# Kats 206 - Backtesting with Kats

We begin by loading the `air_passengers` data set into a `TimeSeriesData` object.  This code is essentially the same as the code in our introduction to the `TimeSeriesData` object in the Kats 101 Tutorial.

In [18]:
import pandas as pd
from kats.consts import TimeSeriesData
from kats.models.prophet import ProphetModel, ProphetParams

air_passengers_df = pd.read_csv("https://raw.githubusercontent.com/facebookresearch/Kats/main/kats/data/air_passengers.csv")

# Note: If the column holding the time values is not called time, you will want to specify the name of this column.
air_passengers_df.columns = ["time", "value"]
air_passengers_ts = TimeSeriesData(air_passengers_df)

# 1. Simple Backtesting

Kats provides a backtesting module that makes it easy to to compare an evaluate different forecasting models.  While our hyperparameter tuning module allows you to compare different sets of parameters for a single base forecasting model, backtesting allows you to compare different types of base models (with pre-specified parameters).  

Our backtesting module allows you to look at multiple error metrics in a single function call.  Here are the error metrics that are currently supported:
* Mean Absolute Error (MAE)
* Mean Absolute Percentage Error (MAPE)
* Symmetric Mean Absolute Percentage Error (SMAPE)
* Mean Squared Error (MSE)
* Mean Absolute Scaled Error (MASE)
* Root Mean Squared Error (RMSE)

Our example below shows how you can use the `BackTesterSimple` class to compare errors between an additive and multiplicative Prophet model using the `air_passengers` data set.

In [2]:
from kats.utils.backtesters import BackTesterSimple

Here, we define a backtester to look at each of the supported error metrics.  We specify in the `BackTesterSimple` definition that we are using a 75/25 training-test split to train and evaluate the metrics for this model

In [None]:
params = ProphetParams()
ALL_ERRORS = ['mape', 'smape', 'mae', 'mase', 'mse', 'rmse']
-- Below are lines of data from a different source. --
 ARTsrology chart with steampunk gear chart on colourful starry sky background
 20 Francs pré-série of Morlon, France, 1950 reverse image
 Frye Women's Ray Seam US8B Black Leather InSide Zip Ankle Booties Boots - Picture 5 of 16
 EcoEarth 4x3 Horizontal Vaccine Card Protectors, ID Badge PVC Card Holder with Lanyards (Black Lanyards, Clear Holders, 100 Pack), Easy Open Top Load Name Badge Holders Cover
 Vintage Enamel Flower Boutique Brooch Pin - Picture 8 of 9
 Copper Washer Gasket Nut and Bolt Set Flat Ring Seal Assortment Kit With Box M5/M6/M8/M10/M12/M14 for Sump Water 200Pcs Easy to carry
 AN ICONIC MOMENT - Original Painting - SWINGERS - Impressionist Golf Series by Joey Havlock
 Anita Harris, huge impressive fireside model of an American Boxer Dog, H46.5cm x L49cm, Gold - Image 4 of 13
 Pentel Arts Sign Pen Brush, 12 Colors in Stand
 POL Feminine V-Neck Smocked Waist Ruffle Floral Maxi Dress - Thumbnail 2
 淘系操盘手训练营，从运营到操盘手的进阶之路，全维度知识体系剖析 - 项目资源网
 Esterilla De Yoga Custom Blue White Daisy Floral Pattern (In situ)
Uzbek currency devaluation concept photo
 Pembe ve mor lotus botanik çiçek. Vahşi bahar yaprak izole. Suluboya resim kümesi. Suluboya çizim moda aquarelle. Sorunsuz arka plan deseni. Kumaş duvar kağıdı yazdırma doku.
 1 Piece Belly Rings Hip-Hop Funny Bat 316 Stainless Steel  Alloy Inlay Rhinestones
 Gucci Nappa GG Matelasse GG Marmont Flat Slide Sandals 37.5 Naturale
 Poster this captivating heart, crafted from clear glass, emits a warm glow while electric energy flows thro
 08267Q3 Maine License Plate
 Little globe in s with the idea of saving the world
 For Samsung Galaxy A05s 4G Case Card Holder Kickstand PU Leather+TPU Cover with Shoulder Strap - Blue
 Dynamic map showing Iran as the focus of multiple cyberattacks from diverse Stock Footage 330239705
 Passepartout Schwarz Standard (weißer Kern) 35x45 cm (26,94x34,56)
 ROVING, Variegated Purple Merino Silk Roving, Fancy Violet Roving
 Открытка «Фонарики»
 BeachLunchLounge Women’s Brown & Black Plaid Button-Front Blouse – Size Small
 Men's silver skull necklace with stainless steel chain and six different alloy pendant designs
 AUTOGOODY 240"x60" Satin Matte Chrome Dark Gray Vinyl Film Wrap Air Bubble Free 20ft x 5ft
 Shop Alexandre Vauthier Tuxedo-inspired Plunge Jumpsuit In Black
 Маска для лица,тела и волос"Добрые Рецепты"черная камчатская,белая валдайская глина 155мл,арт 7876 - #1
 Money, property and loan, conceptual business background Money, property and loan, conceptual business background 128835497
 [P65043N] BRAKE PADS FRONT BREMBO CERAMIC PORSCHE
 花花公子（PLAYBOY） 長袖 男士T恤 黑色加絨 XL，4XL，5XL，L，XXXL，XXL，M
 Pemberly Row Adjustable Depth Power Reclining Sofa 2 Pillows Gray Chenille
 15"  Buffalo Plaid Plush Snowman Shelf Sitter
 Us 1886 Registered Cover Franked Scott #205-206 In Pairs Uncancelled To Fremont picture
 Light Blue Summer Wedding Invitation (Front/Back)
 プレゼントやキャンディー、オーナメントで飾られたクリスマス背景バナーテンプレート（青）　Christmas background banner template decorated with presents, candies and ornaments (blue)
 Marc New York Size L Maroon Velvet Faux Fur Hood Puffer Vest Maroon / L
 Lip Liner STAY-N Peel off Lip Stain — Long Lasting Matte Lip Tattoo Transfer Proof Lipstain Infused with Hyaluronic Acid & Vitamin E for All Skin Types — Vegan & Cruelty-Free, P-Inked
backtester = BackTesterSimple(
    error_methods=ALL_ERRORS,
    data=air_passengers_ts,
    params=params,
    train_percentage=75,
    test_percentage=25, 
    model_class=ProphetModel)


backtester.run_backtest()

After we run the backtester, the `errors` attribute will be a dictionary mapping each error type name to a its corresponding value

In [4]:
backtester.errors

{'mape': 0.0987220885319523,
 'smape': 0.09425996205740349,
 'mae': 39.98767197068843,
 'mase': 1.9681144898176919,
 'mse': 2021.2020419795579,
 'rmse': 44.95778066118876}

## 1.1 Comparing two Simple Backtests

First, we store the previous backtest results in a nested dict.

In [5]:
backtester_errors = {}
backtester_errors['prophet_additive'] = {}
for error, value in backtester.errors.items():
    backtester_errors['prophet_additive'][error] = value

Now we run another backteseter to caluculate the same error metrics for a multiplicative Prophet model.

In [None]:
params_prophet = ProphetParams(seasonality_mode='multiplicative') # additive mode gives worse results

backtester_prophet = BackTesterSimple(
    error_methods=ALL_ERRORS,
    data=air_passengers_ts,
    params=params_prophet,
    train_percentage=75,
    test_percentage=25, 
    model_class=ProphetModel)

backtester_prophet.run_backtest()

backtester_errors['prophet_multiplicative'] = {}
for error, value in backtester_prophet.errors.items():
    backtester_errors['prophet_multiplicative'][error] = value

Here we can compare the error metrics for the two models.

In [7]:
pd.DataFrame.from_dict(backtester_errors)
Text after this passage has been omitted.